Apesar da derrota, atingir a final foi um motivo de orgulho para Kaunda. Foi esse orgulho que o fez oferecer a toda a seleção a viagem até à Alemanha para assistir ao Mundial-1974. Tinham todas as despesas pagas e puderam sentir na pele – mais do que qualquer outra seleção da Zâmbia até ao momento – o que era estar no grande palco.
Torcendo pelo Zaire, chegaram a fazer jogos particulares em solo alemão. Quem via, não queria acreditar. E diziam a Makwasa que os zambianos é que deviam estar no lugar dos zairenses, que se despediram do evento com derrotas frente à Escócia (0-2), Jugoslávia (0-9) e Brasil (0-3).
A piada da Rainha de Inglaterra
A Zâmbia tornou-se independente do Reino Unido em 1964 e em 1983 Kenneth Kaunda foi recebido pela primeira vez pela Rainha de Inglaterra.
A visita era diplomática mas Kaunda não enjeitou a possibilidade para assistir à final da Taça da Liga, entre Liverpool e Manchester United. Durante o discurso de boas-vindas, Isabel II teve uma tirada curiosa.
«Sei que vai aproveitar para ver a final entre esses dois gigantes do Noroeste. Tenho muita pena que o Tottenham, que pelo que sei é a sua equipa favorita, não tenha conseguido atingir a final.» Kaunda não evitou as gargalhadas.

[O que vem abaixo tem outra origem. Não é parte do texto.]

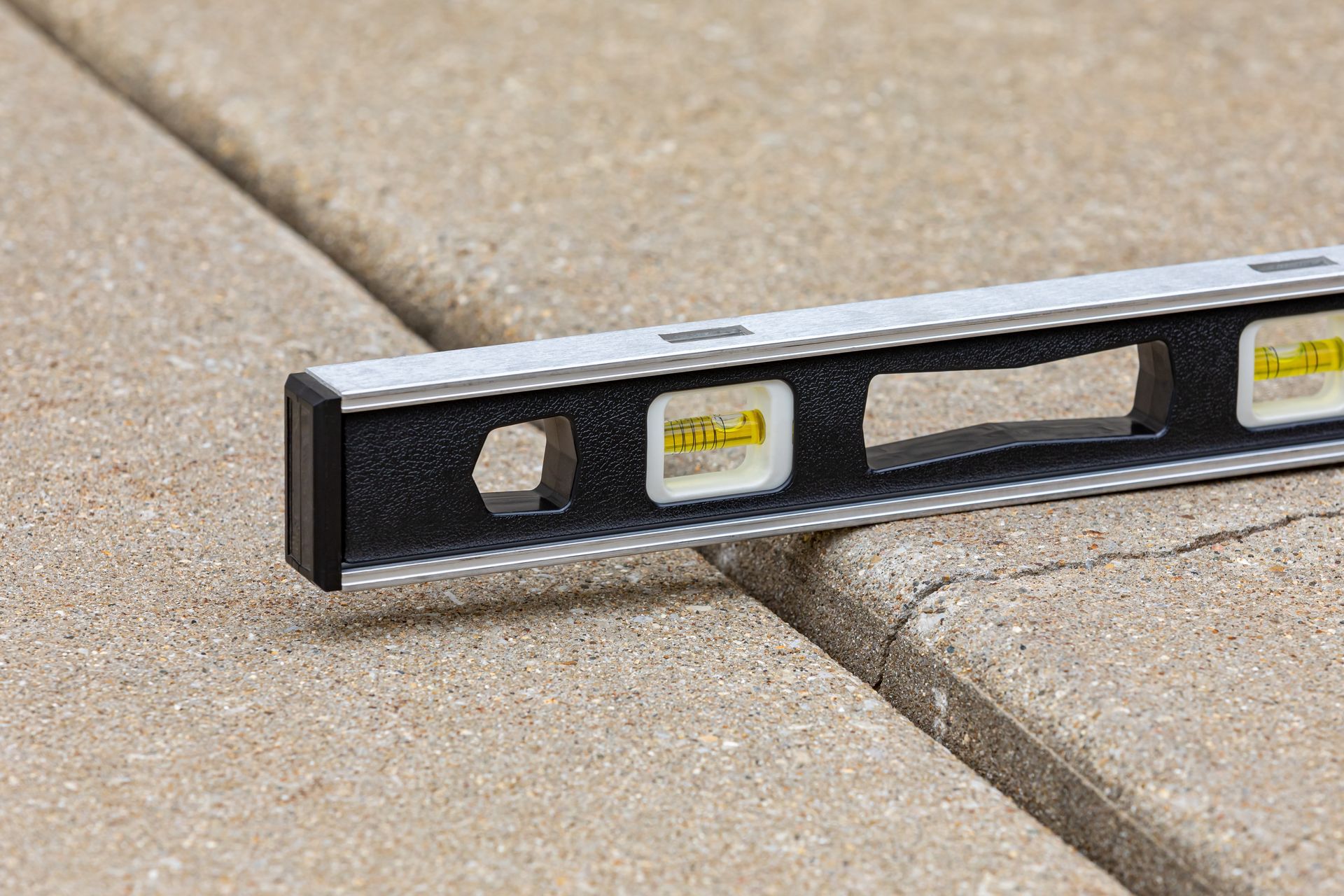 Spirit level on an uneven concrete joint showing a settled slab that needs sunken concrete lifting.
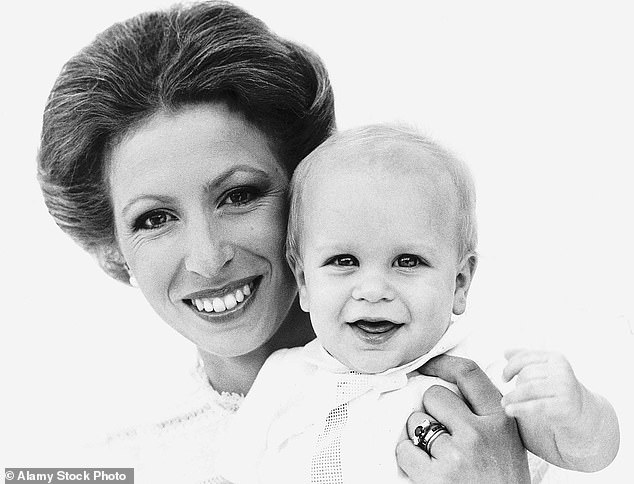 The princess with her son Peter Phillips in 1978 wearing her hair as a precursor to her best-known style.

Em casa, o presidente também organizava jogos regulares entre o Governo e o corpo diplomático. Kaunda não jogava mas fazia de árbitro. E era justo, dizem os relatos. «Mas ninguém podia discutir com ele. Assim que tomava uma decisão, era preciso segui-la. Normalmente, a equipa do governo ganhava sempre», contou um antigo ministro à uma reportagem da BBC.
«Havia a dúvida se todos os triunfos eram genuínos ou se o corpo diplomático se deixava vencer para agradar», acrescentou.
A tristeza de 1993
Há dez anos, durante uma entrevista à BBC Sport, Kenneth Kaunda voltou a abordar alguns destes temas e explicou por que já não era uma presença assídua nos jogos da Zâmbia. «Claro que ficaria feliz por poder assistir mas os meus compromissos raramente me permitem. Estou envolvido na prevenção contra a SIDA e a malária por toda a África e isso retira-me muito tempo», disse.

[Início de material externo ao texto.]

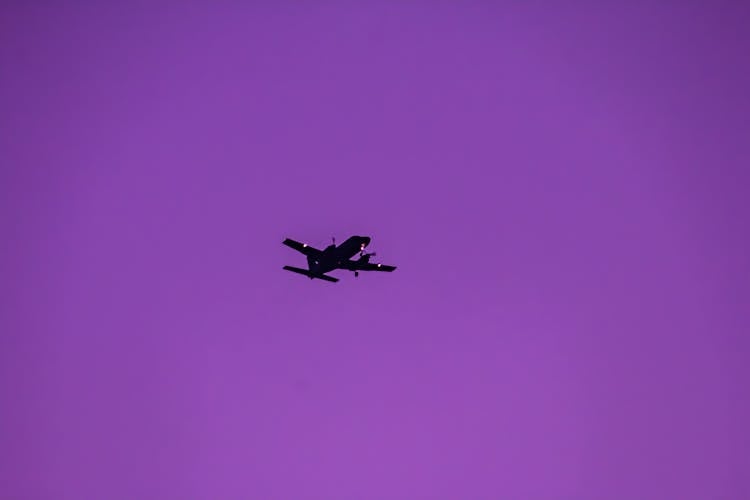 A Flying Airplane In The Purple Sky
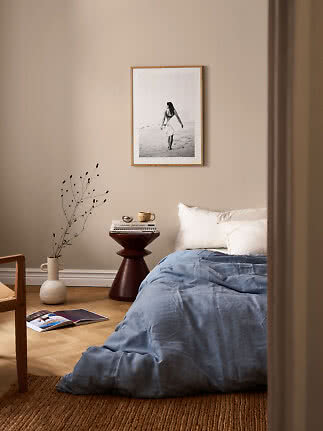 Gemütliches Schlafzimmer mit beiger Wand, Bett mit blauer Decke, Beistelltisch und gerahmtem Strandfoto.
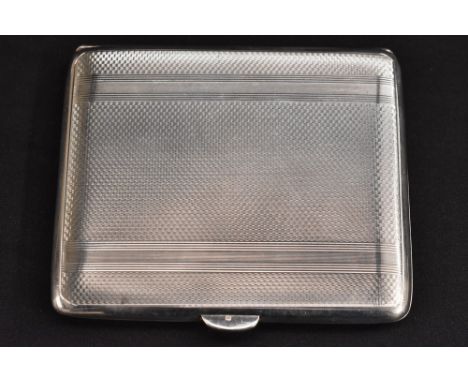 A George V silver cigarette case, engine turned and linear decorated exterior, Frederick Field, Birmingham 1920, 98mm long, 8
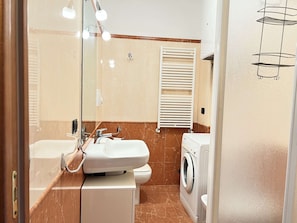 A bathroom with two sinks, a mirror, a towel rack, a toilet, and a washing machine. - Cozy Studio 8 in the Heart of Siena (Siena)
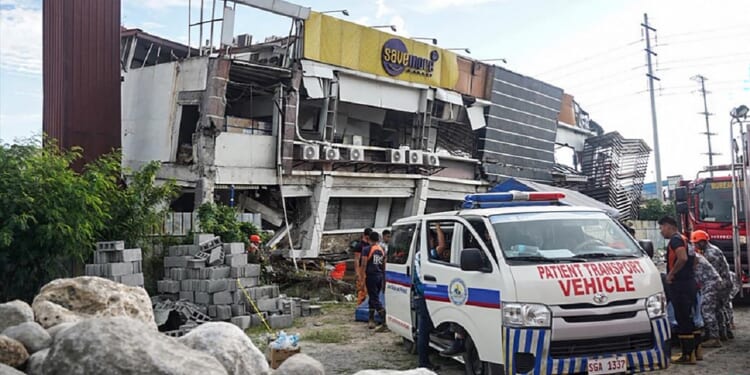 Responders conduct a rescue operation at a collapsed building after a 7.8 magnitude earthquake struck off the southern coast of the Philippines on Monday.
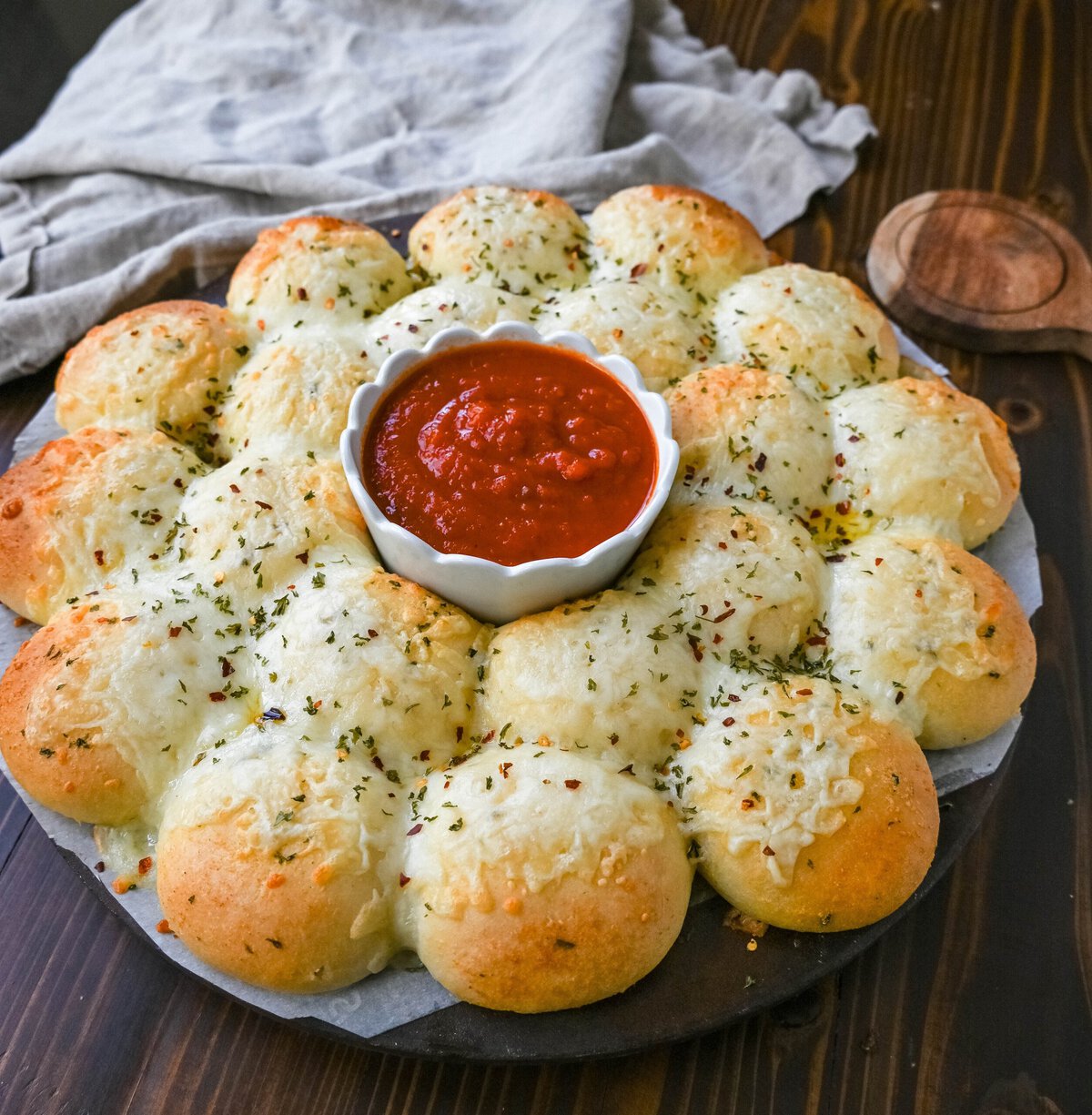 Cheesy garlic monkey bread, or garlic cheese pull-apart bread, made with Rhodes frozen dinner rolls, is soft, buttery, and cheesy. Each roll is dipped in garlic butter and then topped with gooey, melted mozzarella cheese that bubbles as it bakes. The result is a pull-apart bread that's golden on the outside, fluffy on the inside, and has cheesy, garlicky goodness in every bite.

Nessa altura, traçou também o que a seleção precisava de fazer para se reerguer: reconstruir a formação por todo o país, colocando as crianças a jogar desde pequenas, e contratar um treinador estrangeiro, para não se perder a carruagem do resto do continente.
Cinco anos depois, com o francês Hervé Renard como selecionador, a Zâmbia venceu pela primeira vez a Taça das Nações Africanas.